He was 75. He had been in the hospital for a lung infection.
Mr. Furth was a not particularly successful actor when he began jotting down ideas for a series of one-act plays, with the idea of getting actress Kim Stanley to play the lead in each playlet. When no producer would bite, he turned to Sondheim, who in turn showed the work to director Harold Prince. Prince said, "Let's make a musical out of them." That's what they did, employing three and a half of Mr. Furth's plays, with the writer contributing one and a half new plays as well. The result was 1970's Company, the first of several landmark concept musicals Prince and Sondheim would collaborate on. Mr. Furth's vignette format is still very much apparent in the thematic tale of marriage, love and commitment as seen through the anxieties of the eternally single Bobby.
Critics largely applauded the boldly modern musical and it ran 690 performances on Broadway, winning the Tony Award for Best Musical. Mr. Furth also won a Tony for his book.
Mr. Furth used some of the one-acts not used in Company to form Twigs, a 1971 quartet of interconnected plays about four women, all from the same family. Sada Thompson portrayed the women. The play won mixed reviews, but nevertheless ran 289 performances.

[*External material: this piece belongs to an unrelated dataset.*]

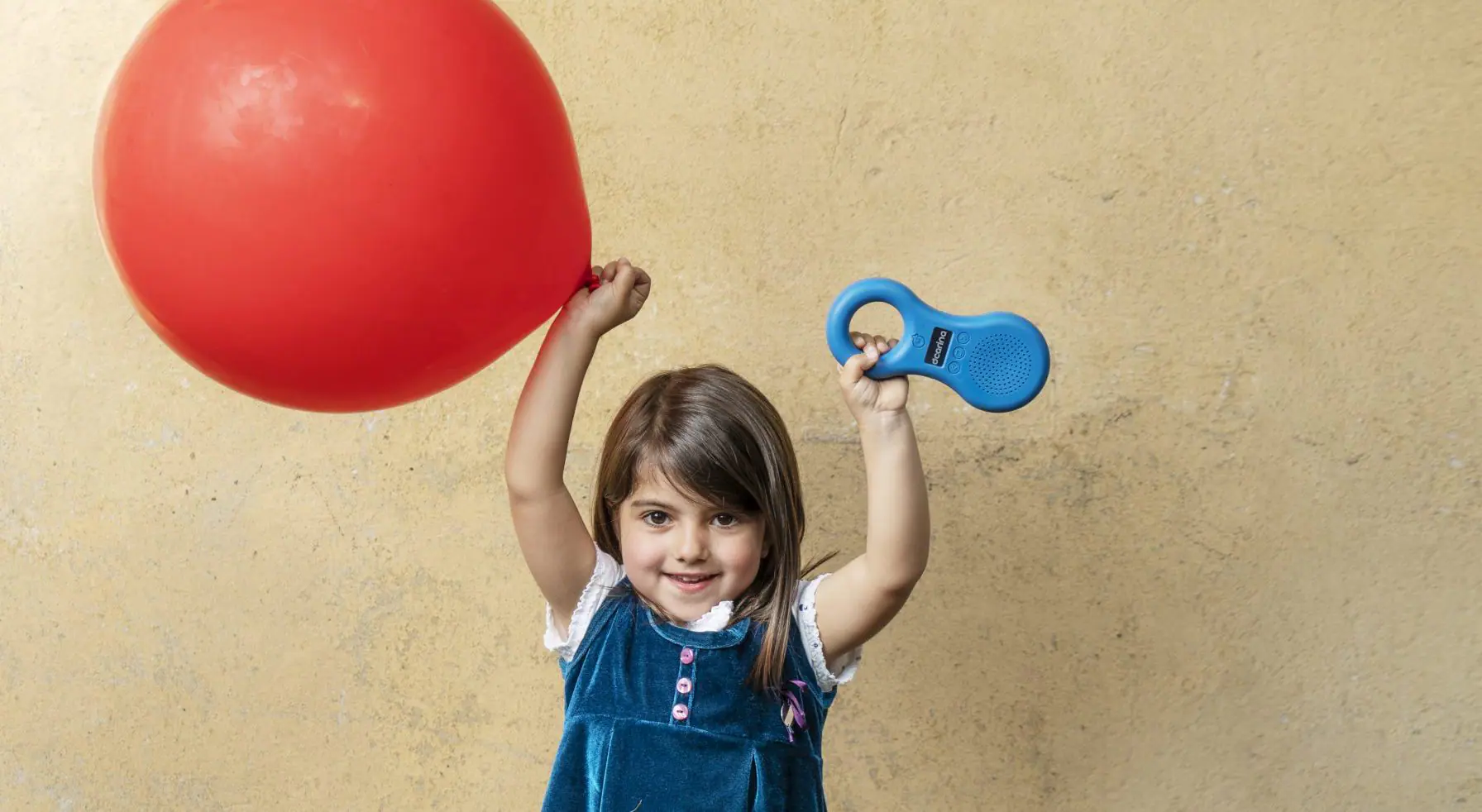 Ocarina Player: the only shockproof music player for children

Sondheim and Mr. Furth worked again in 1981 on a musicalization of the backwards-running Kaufman and Hart play Merrily We Roll Along, about three friends whose lives are traced from disillusioned middle-age to optimistic youth. The experience was far from a happy one this time. Sondheim wrote an appealing score, but Prince was unable to find the appropriate concept for the story, and Mr. Furth's book was criticized for being too downbeat. Merrily closed after lengthy previews and a few performances. Its reputation, however, has grown in the quarter century since its failure on Broadway. The script was revised by the collaborators, and the show is frequently revived. Mr. Furth's other plays included Precious Sons and The Supporting Cast. He also wrote the book for the John Kander and Fred Ebb musical The Act. His most peculiar writing credit may be Getting Away With Murder, a third collaboration with Sondheim. A comedy thriller that ran a few weeks in 1996, it was a rare stab at straight playwriting for the composer, and one of the last examples of the thriller genre to reach Broadway.
In the late '90s, there was talk of Annette Bening starring in Mr. Furth's comedy Sex, Sex, Sex, Sex, Sex, Sex, Sex, but the production never materialized.

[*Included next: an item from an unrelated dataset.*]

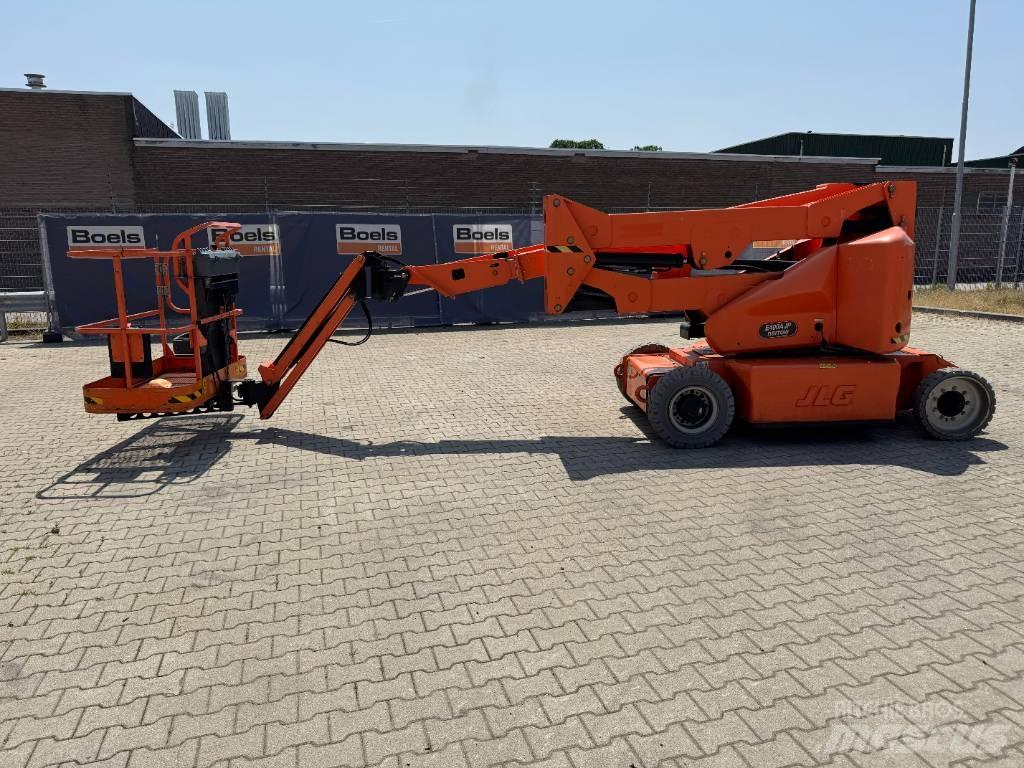JLG E400AJPN Strēles pacēlāji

Born George Schweinfurth in Chicago on Dec. 14, 1932, George Furth attended Northwestern University, and spent the first couple decades of his professional life as an actor, appearing in such movies as "Butch Cassidy and Sundance Kid," "The Boston Strangler," "Shampoo," "Sleeper" and "Myra Breckinridge" and the television shows "The Defenders," "The Farmer's Daughter," "Honey West," "F Troop," "The Monkees" and "McHale's Navy."
A somewhat elusive figure whose pictures always showed him flashing the same nervous grin, Mr. Furth rarely gave interviews. This fact, he said, was partly the reason for his personal popularity. At the opening night party of the 2008 Broadway revival of Company, he whizzed by reporters without a comment. "I just don't do interviews," he explained. "That's why I have so many friends."